> [YOUR TASK]
Lines before the one containing "thần võ đế tôn chapter 56 32" are excluded; retype that line and all remaining lines of the material exactly.

> [EXTRACTED ENTRIES]
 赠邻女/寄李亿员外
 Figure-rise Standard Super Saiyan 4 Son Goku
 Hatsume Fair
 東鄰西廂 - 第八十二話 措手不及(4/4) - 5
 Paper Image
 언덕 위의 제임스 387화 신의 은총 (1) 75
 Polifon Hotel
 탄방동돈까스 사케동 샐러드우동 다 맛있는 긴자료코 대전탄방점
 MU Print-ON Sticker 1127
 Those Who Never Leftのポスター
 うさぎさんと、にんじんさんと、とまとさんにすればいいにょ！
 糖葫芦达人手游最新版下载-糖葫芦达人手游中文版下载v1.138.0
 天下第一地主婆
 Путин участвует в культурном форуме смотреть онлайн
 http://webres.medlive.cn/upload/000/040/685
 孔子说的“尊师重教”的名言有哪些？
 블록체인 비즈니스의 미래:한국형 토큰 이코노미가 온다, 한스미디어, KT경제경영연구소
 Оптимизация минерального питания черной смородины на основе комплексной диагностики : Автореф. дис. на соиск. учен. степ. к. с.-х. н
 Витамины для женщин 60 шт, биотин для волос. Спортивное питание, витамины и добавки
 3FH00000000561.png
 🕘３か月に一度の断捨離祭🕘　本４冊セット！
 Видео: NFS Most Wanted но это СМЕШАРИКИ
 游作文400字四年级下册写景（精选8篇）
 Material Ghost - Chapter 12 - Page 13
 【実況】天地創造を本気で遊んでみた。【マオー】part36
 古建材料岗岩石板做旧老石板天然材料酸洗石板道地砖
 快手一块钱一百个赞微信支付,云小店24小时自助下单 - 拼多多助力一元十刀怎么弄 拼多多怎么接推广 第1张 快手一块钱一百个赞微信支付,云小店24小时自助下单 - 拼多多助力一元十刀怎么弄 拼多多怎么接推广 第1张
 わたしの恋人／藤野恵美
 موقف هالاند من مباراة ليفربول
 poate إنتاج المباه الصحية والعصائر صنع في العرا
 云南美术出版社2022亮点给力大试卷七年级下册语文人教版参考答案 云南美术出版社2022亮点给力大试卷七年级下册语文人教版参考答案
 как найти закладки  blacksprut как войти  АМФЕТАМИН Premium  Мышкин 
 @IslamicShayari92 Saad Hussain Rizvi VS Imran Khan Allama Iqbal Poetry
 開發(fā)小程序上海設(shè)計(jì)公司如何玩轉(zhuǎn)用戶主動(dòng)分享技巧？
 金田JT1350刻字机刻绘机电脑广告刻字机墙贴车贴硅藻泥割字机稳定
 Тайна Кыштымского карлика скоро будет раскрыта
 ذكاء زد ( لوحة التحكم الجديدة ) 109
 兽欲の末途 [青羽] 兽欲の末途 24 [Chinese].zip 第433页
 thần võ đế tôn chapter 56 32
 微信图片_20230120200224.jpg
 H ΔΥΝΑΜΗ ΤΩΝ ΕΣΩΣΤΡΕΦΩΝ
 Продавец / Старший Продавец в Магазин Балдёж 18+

> [COMPLETED TASK]
 thần võ đế tôn chapter 56 32
 微信图片_20230120200224.jpg
 H ΔΥΝΑΜΗ ΤΩΝ ΕΣΩΣΤΡΕΦΩΝ
 Продавец / Старший Продавец в Магазин Балдёж 18+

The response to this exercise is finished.